What this task involves: Each line from the one containing "New 2026 Porsche Macan 4 Electric image 8" through the last line of the records below is to be set down exactly; the rest stays out.

Stored data:
- Opening Delimiter -

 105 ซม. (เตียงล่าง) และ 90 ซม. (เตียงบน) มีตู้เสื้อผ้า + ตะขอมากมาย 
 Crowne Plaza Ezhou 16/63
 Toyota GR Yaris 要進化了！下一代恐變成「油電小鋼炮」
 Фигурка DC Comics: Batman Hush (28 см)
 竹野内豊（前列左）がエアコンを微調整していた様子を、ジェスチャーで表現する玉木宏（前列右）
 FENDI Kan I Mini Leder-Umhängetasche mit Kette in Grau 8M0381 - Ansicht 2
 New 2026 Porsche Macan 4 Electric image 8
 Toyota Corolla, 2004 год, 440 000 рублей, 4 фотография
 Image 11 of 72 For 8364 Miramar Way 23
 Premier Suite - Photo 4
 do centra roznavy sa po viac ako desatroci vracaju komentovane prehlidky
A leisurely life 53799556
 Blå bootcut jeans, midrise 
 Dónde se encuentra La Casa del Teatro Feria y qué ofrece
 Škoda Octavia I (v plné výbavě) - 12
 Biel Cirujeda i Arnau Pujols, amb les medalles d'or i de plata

- Closing Delimiter -

Task response:
 New 2026 Porsche Macan 4 Electric image 8
 Toyota Corolla, 2004 год, 440 000 рублей, 4 фотография
 Image 11 of 72 For 8364 Miramar Way 23
 Premier Suite - Photo 4
 do centra roznavy sa po viac ako desatroci vracaju komentovane prehlidky
A leisurely life 53799556
 Blå bootcut jeans, midrise 
 Dónde se encuentra La Casa del Teatro Feria y qué ofrece
 Škoda Octavia I (v plné výbavě) - 12
 Biel Cirujeda i Arnau Pujols, amb les medalles d'or i de plata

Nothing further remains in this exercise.